Tetapi akses Aja terhadap akademik yang ketat datang dengan harga. Dia mengingat duduk di kelas-kelas pada saat sebelum atau sesudah bel berbunyi, saat-saat ketika siswa memiliki waktu untuk berkeliaran dan bicara. Itulah saat dia akan menemukan dirinya dikelilingi teman-teman kulit putih yang melepaskan pertanyaan cepat seperti “senapan mesin”, katanya kepadaku. Mereka ingin tahu bagaimana rasanya tinggal di Rochester, tetapi terlebih dahulu mereka harus mengetahui asumsi mereka.

“Apakah kamu berada di geng? Apakah kamu memiliki senjata api?” Yang lain bertanya tentang rambutnya dan hanya berbicara tentang orang hitam dalam cara stereotip. Aja mengatakan dia merasa seperti “spesimen di kebun binatang.” Semua yang bisa dilakukannya hanyalah memandang mereka dengan tidak percaya, berharap ekspresi wajahnya menunjukkan jijiknya terhadap ketidaktahuan mereka. “Saya tahu saya berhadapan dengan persepsi orang kulit putih,” katanya kepadaku. “Tapi saya tidak memiliki kerangka untuk memahami apa yang terjadi.” Aja beradaptasi, membangun komunitas dengan siswa hitam lain yang, seperti dirinya, dikirim dari kota. Dia terbiasa dengan teman-teman kulit putih yang mencoba memperbaiki bahasa Inggrisnya dan berhenti mengharapkan siapa pun dalam kepemimpinan sekolah untuk menutup kesenjangan antara budaya yang dibawanya dan yang telah “diimpor” ke dalamnya.
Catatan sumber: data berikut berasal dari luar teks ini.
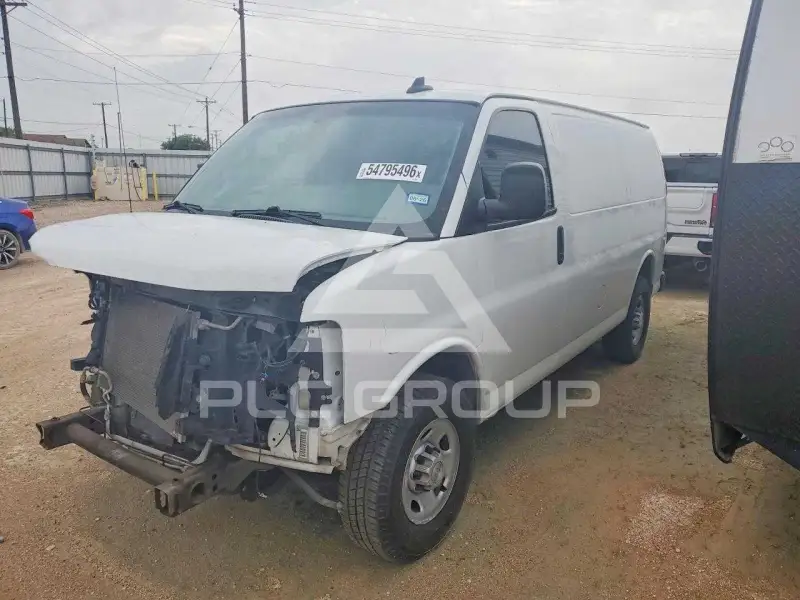 2022 Chevrolet Express фото
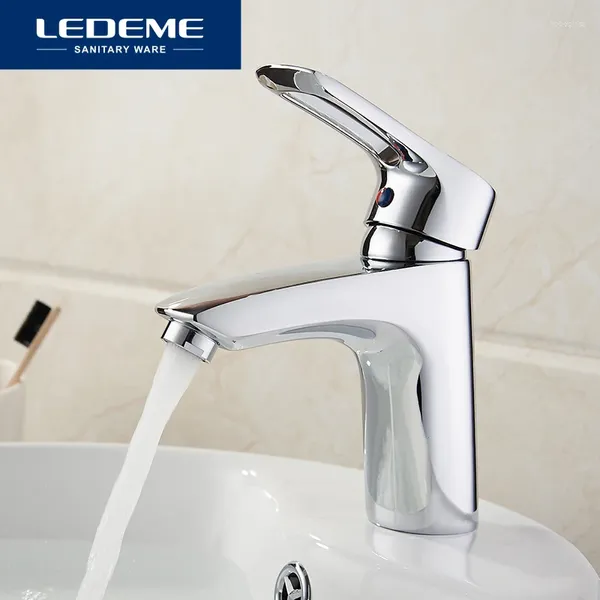 Robinets de lavabo de salle de bain Robinet de bassin Ledème mélangeur d'eau Tap Toneir Bath Brass Wash Taps Toneira L1025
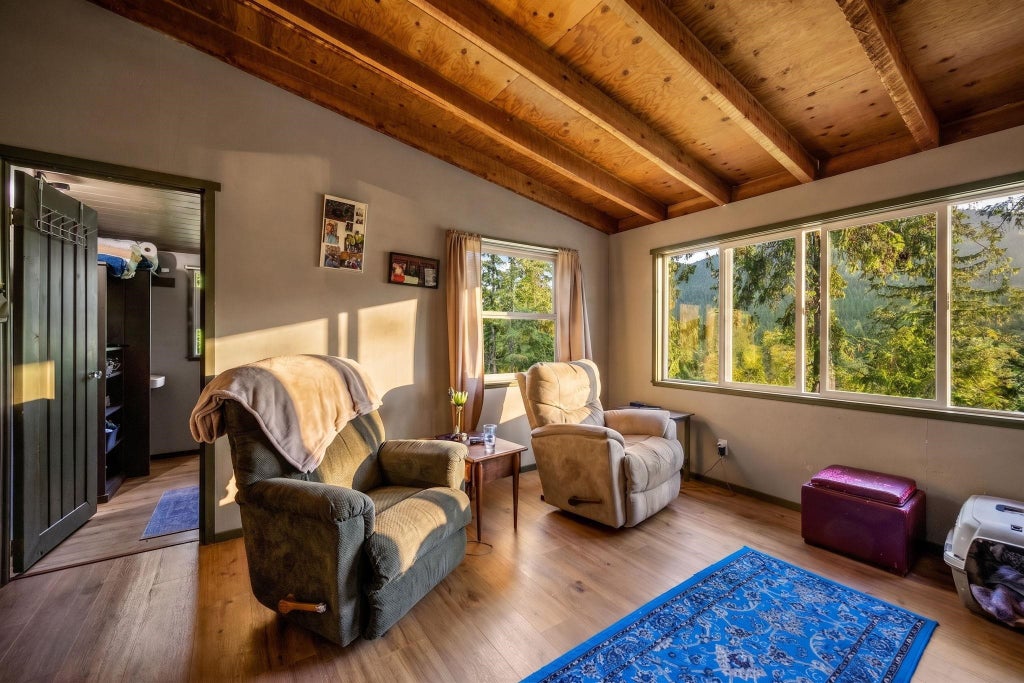 Photo of 241 Strawberry Creek Rd, Sandpoint, ID 83864 (MLS # 202621223)
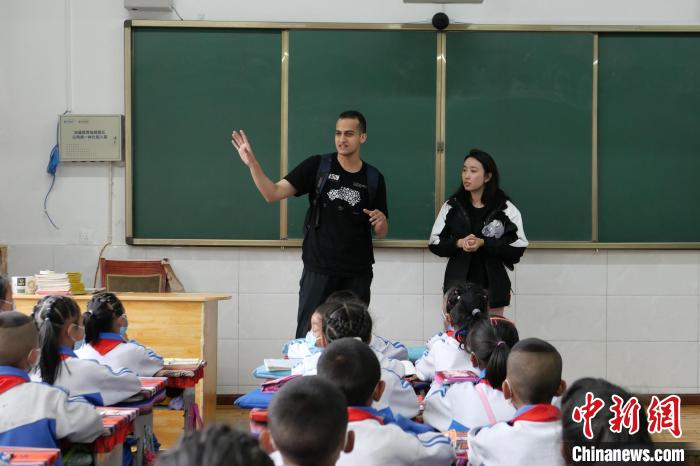 图为在华留学生与拉萨市小学生在课堂互动. 谢牧 摄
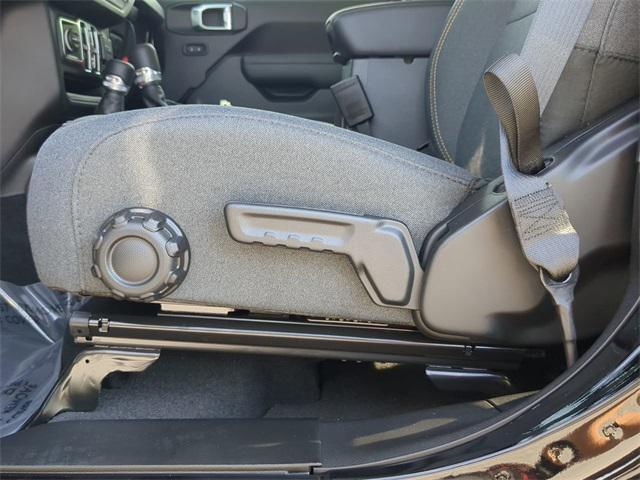 new 2025 Jeep Gladiator car, priced at $43,178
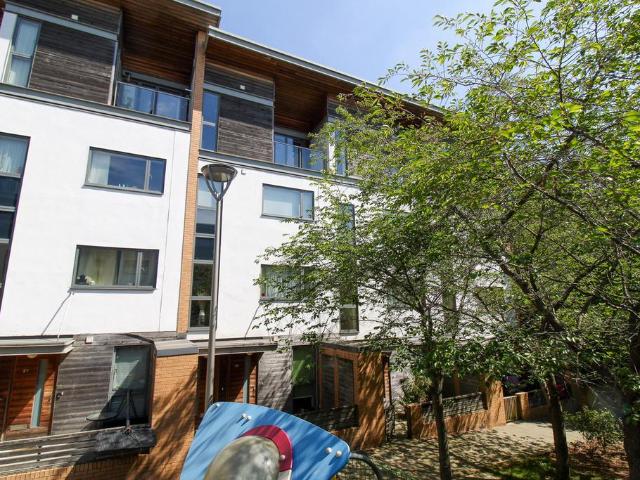 2 bedroom maisonette for sale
Dengan cara ini, anak-anak hitam sering terpapar tantangan sosial yang menghancurkan jiwa dan kerusakan psikis ketika menghadiri sekolah-sekolah mayoritas kulit putih.

Sebenarnya, kami hanya memiliki sisa-sisa pendidikan. Pengorbanan orang tua hitam diharapkan, dan kesadaran bahwa banyak dari kami akan melakukan apa pun untuk membantu anak-anak kami dieksploitasi secara sistematis. Pengorbanan kami dipuji sebagai momen-momen perubahan hak-hak sipil Amerika, tetapi setelah kamera pergi, kami dihadapkan dengan perlawanan di pengadilan—dan undang-undang sering secara diam-diam membatalkan keuntungan pengorbanan kami. Kami diharapkan menjadi kesadaran moral Amerika—dan kami secara tidak hormat dihukum karenanya.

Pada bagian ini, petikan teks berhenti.